Issueおじちゃんの新・ダメおやじ日記

自分の発達障害や日頃考えていることを綴って行きます。

マジメも休み休み言え

題名は、河合隼雄の「こころの処方箋」収録のコラムからとりました。



自分自身、今まで「適当にやれ」と言われたことがたくさんありましたが、
「適当って何?どれくらいまでやればいいの?」と自問自答しながら、
動いてきました。

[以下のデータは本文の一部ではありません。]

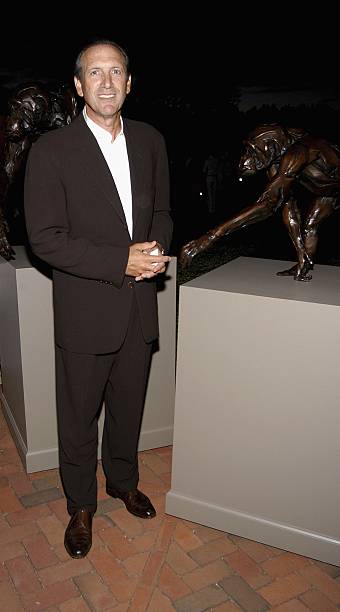 Howard Schultz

これって俺の障害による特徴なんですよね。



あいまいなことが理解できないってのは、情けないですが、受け止めつつ
理解していくしかありません。



特に以下の部分は、今まで自分が経験してきたことだと膝を打ちました。

とにかくマジメだが、何となく人に嫌われたり、うとんじられたりする人がある。言うこともすることもマジメで、その人の話を聞いていると、「なるほどもっとも至極」というわけで反論の余地がない。もっともだと思いつつ、しかし、心のなかで妙な反撥心が湧いてきたり、不愉快になったりしてくる。そこで何とか言ってみたいと思うものの、相手の方がマジメで、非の打ちどころがないのだから、それに従う事になる。そのときに残った心のもやもやが溜まってくるためもあってか、そのマジメな人を何となくうとんじてしまう。ここでその人が手のつけられないマジメ人間のときは、何だか自分の評判が悪そうだから、ガンバラなくてはと一層マジメになるので、悪循環が生じてしまう。(河合隼雄「こころの処方箋」p.56)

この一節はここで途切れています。